Long story short we quit boarding horses after 18 years and so I thought I would try some cows. Our pastures are fenced with 4 strands of ElectroBraid. Three hots one ground. I bought two 8 month old heifers from a friend that recommended I stall them for a week before turning them out. Well today we turned them out and we had to cut power to the fence and take a section down to get them in the pasture. Before I could get the power hooked back up one of them went through the fence and was loose. I got the fence back up and hot again and we got the calf back in. My question is will the calves keep challenging the fence if we lose power? Or will they settle in and resign themselves to the pasture? I have seen other fences that wouldn’t take a lot for cows to escape from and didn’t think our fences would be a problem. But the selling point on using ElectroBraid for horses is that it will give and pop back if a horse challenges it.
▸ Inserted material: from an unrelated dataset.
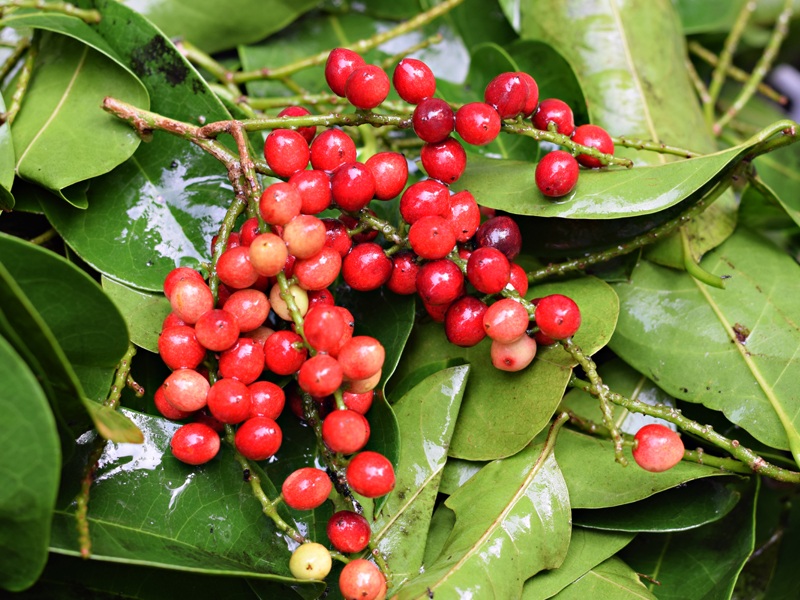 Bignay Fruit Health Benefits 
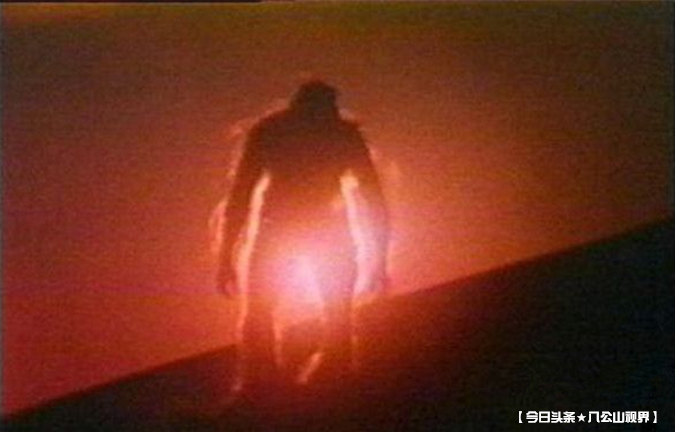 小说野人免费阅读,野人小说大全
I just thought 4 strands will keep them deterred but I guess I have a lot to learn about cows.


----------



## gradyjohn (Jul 17, 2012)

It depends on which strands are hot and which are ground for the calves to make a connection.

Once they get snapped it takes some time before they would make the effort. I use to have a hot wire across the driveway and when I took it down they still would not cross it. I was think it took cows about 6 months before the ventured down to the gate and the horses were about a month. Or the other way around.

Dry weather will sometimes not make a good ground. Test with you tester where they went thru.


----------



## BWfarms (Aug 3, 2015)

If you are sending 5500 volts down the line and have excellent grounding they will respect it at all times after getting bit a few times. Occasionally my fence will drop to as little as 1000 volts (a tickle really) due to a limb or ground out issue and keep an entire herd in.

I don't have wild cattle but helps to keep them well fed so they don't try to eat outside the fence.


----------



## Red Bank (Apr 28, 2019)

We checked the fence before and after we put them in. After they were in they tried is a few times and got lit up. My fence tester was lighting up all the lights and my probe wire was shorting out through my gloves so I got lit up as well. There was a little devilish satisfaction watching them try it after chasing them back in.


----------



## Cozyacres (Jul 16, 2009)

I have found that calves not born on the farm and taught by the mother cow about electric fence need to be trained first in the barn.

I usually take a fence wire and some posts and set up a" learning center" in the barn, where they can test the fence and get zapped a few time to respect the fence, after a few days of training, I let them out, they usually stay away from the fence,

I never had any get out after i started doing this.


----------



## r82230 (Mar 1, 2016)

I definitely believe it's a learned trait. New born calves walk right through my hot wires, but only for a couple of days/times. The cows, won't even try, if the fencer is off for a week or two (somebody who remain nameless forgot to check  ). A couple of month old calves will be out, is how I know fence isn't powered up, via deer damage. Seems that young deer can't jump the wires as well as the moms. Usually happens during the busy hay season for some odd reason. 

Larry


----------